-------- DATASET --------
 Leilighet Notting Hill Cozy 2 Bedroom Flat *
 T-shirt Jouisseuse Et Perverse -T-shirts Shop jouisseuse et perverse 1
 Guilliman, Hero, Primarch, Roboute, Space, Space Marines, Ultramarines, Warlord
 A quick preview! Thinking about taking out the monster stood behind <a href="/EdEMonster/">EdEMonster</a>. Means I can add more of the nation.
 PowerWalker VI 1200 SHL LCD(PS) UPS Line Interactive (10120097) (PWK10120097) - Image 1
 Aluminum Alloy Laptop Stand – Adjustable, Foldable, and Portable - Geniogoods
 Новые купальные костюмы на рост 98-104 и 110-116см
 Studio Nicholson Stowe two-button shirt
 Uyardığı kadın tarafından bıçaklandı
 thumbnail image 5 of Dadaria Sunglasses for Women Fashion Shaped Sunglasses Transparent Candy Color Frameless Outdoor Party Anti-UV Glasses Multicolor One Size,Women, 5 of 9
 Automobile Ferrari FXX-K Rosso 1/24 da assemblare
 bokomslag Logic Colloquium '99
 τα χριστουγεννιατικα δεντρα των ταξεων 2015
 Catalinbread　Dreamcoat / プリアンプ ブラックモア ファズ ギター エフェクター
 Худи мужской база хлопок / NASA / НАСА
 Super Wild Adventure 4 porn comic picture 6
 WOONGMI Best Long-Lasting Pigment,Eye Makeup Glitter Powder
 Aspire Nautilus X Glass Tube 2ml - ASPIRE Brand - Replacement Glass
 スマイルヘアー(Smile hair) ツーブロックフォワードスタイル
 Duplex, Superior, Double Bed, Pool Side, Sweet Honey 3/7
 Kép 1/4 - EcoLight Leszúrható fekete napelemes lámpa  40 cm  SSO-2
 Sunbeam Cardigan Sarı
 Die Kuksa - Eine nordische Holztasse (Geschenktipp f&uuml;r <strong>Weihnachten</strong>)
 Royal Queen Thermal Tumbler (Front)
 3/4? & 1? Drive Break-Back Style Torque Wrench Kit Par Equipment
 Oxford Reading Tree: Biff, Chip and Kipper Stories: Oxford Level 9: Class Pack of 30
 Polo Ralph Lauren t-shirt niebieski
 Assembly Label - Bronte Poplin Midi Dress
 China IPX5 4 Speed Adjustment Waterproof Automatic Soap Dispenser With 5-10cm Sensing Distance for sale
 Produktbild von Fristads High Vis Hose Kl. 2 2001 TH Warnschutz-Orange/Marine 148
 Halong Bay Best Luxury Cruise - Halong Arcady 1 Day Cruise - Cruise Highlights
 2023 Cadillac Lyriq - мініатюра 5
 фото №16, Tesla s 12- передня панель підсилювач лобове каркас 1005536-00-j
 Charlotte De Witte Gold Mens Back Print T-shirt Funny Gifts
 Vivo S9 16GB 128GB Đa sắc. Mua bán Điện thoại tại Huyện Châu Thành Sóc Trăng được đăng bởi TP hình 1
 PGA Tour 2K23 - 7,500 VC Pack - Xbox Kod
--------
§ **TASK DESCRIPTION**
Repeat the whole of the data above exactly, keeping every word.

§ **ANSWER TO THE EXERCISE**
 Leilighet Notting Hill Cozy 2 Bedroom Flat *
 T-shirt Jouisseuse Et Perverse -T-shirts Shop jouisseuse et perverse 1
 Guilliman, Hero, Primarch, Roboute, Space, Space Marines, Ultramarines, Warlord
 A quick preview! Thinking about taking out the monster stood behind <a href="/EdEMonster/">EdEMonster</a>. Means I can add more of the nation.
 PowerWalker VI 1200 SHL LCD(PS) UPS Line Interactive (10120097) (PWK10120097) - Image 1
 Aluminum Alloy Laptop Stand – Adjustable, Foldable, and Portable - Geniogoods
 Новые купальные костюмы на рост 98-104 и 110-116см
 Studio Nicholson Stowe two-button shirt
 Uyardığı kadın tarafından bıçaklandı
 thumbnail image 5 of Dadaria Sunglasses for Women Fashion Shaped Sunglasses Transparent Candy Color Frameless Outdoor Party Anti-UV Glasses Multicolor One Size,Women, 5 of 9
 Automobile Ferrari FXX-K Rosso 1/24 da assemblare
 bokomslag Logic Colloquium '99
 τα χριστουγεννιατικα δεντρα των ταξεων 2015
 Catalinbread　Dreamcoat / プリアンプ ブラックモア ファズ ギター エフェクター
 Худи мужской база хлопок / NASA / НАСА
 Super Wild Adventure 4 porn comic picture 6
 WOONGMI Best Long-Lasting Pigment,Eye Makeup Glitter Powder
 Aspire Nautilus X Glass Tube 2ml - ASPIRE Brand - Replacement Glass
 スマイルヘアー(Smile hair) ツーブロックフォワードスタイル
 Duplex, Superior, Double Bed, Pool Side, Sweet Honey 3/7
 Kép 1/4 - EcoLight Leszúrható fekete napelemes lámpa  40 cm  SSO-2
 Sunbeam Cardigan Sarı
 Die Kuksa - Eine nordische Holztasse (Geschenktipp f&uuml;r <strong>Weihnachten</strong>)
 Royal Queen Thermal Tumbler (Front)
 3/4? & 1? Drive Break-Back Style Torque Wrench Kit Par Equipment
 Oxford Reading Tree: Biff, Chip and Kipper Stories: Oxford Level 9: Class Pack of 30
 Polo Ralph Lauren t-shirt niebieski
 Assembly Label - Bronte Poplin Midi Dress
 China IPX5 4 Speed Adjustment Waterproof Automatic Soap Dispenser With 5-10cm Sensing Distance for sale
 Produktbild von Fristads High Vis Hose Kl. 2 2001 TH Warnschutz-Orange/Marine 148
 Halong Bay Best Luxury Cruise - Halong Arcady 1 Day Cruise - Cruise Highlights
 2023 Cadillac Lyriq - мініатюра 5
 фото №16, Tesla s 12- передня панель підсилювач лобове каркас 1005536-00-j
 Charlotte De Witte Gold Mens Back Print T-shirt Funny Gifts
 Vivo S9 16GB 128GB Đa sắc. Mua bán Điện thoại tại Huyện Châu Thành Sóc Trăng được đăng bởi TP hình 1
 PGA Tour 2K23 - 7,500 VC Pack - Xbox Kod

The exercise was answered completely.